Velasco: “A scuola ci sono tante materie e si deve andare bene in tutte, questo è un errore metodologico”

Mentre tutti attaccano la scuola italiana c’è anche chi è più ottimista e mette in luce i suoi aspetti migliori. A farlo è stato l’allenatore della nazionale di volley femminile italiana Julio Velasco al podcast Wilson de Il Post.

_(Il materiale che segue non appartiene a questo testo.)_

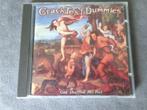 Crash test dummies - pop rock, Ophalen of Verzenden, Nieuw in verpakking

Giovani pessimisti a causa degli adulti?

Ecco la sua visione: “Nei giovani c’è pessimismo a causa di noi adulti. Loro sono fiduciosi ma li abbiamo convinti noi. La scuola italiana è una scuola che difendo, ha tanti problemi ma secondo me è una scuola ottima. Lo vedo nei miei figli, ma anche nei giocatori, come parlano con proprietà di linguaggio”.

C’è però un problema di fondo, a suo avviso: “Però la scuola come funziona? Ci sono tante materie e uno deve andare bene in tutte. C’è una idea che filtra: che migliorare significa migliorare tante cose contemporaneamente. E questo è un errore metodologico”, ha concluso.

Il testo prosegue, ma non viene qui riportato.